Dilihat dari tingkat pendidikannya tingkat
pendidikan nelayan maupun anak-anaknya rata-rata rendah. Dengan kondisi
demikian maka sulitlah bagi anak-anak nelayan untuk mencari alternatif
pekerjaan lain, dan cenderung meneruskan pekerjaan orang tuanya sebagai
nelayan.
3.
Produk nelayan tidak berhubungan dengan makanan
pokok, sehingga nelayan lebih banyak berhubungan dengan ekonomi tukar menukar.
Demikian pula karena produk perikanan ini mudah rusak dan harus segera
dipasarkan, maka ketergantungan nelayan pada pedagang sangatlah besar.
4.
Bidang perikanan membutuhkan investasi yang cukup
besar dan cenderung mengandung resiko yang lebih besar pula dibanding sektor
pertanian lainnya.

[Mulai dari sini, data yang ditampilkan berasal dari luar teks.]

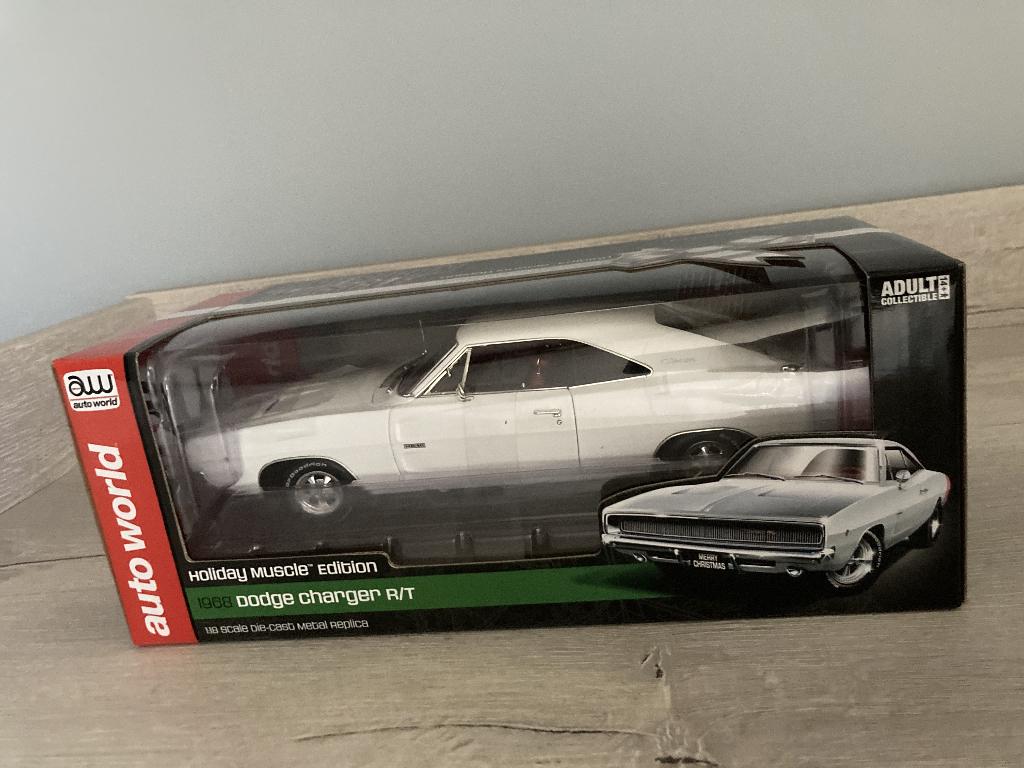 1968 Dodge Charger Auto World/American Muscle 1/18, Ophalen of Verzenden, Nieuw, Auto, Overige merken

Oleh karena itu nelayan cenderung menggunakan alat-alat yang
sederhana maupun hanya menjadi anak buah kapal
(ABK). Kapal-kapal tersebut biasanya dimiliki oleh orang “luar” maupun
pedagang. Dengan demikian nelayan juga terlibat dalam suatu pembagian penghasilan
yang kompleks yang seringkali tidak menguntungkan.
5.
Terbatasnya anggota keluarga yang secara langsung
bisa ikut terlibat dalam kegiatan produksi, dan ketergantungan nelayan besar
pada satu mata pencaharian yakni menangkap ikan.
Sumber:
Tesis Fadillah, Pengaruh Perubahan Kegiatan Pemanfaatan Lahan Terhadap Kondisi Sosial
Ekonomi Masyarakat Kasus : Kecamatan Tanah Merah Kabupaten Indragiri Hilir
(Magister Perencanaan Kota dan Daerah (MPKD-UGM Tahun 2003)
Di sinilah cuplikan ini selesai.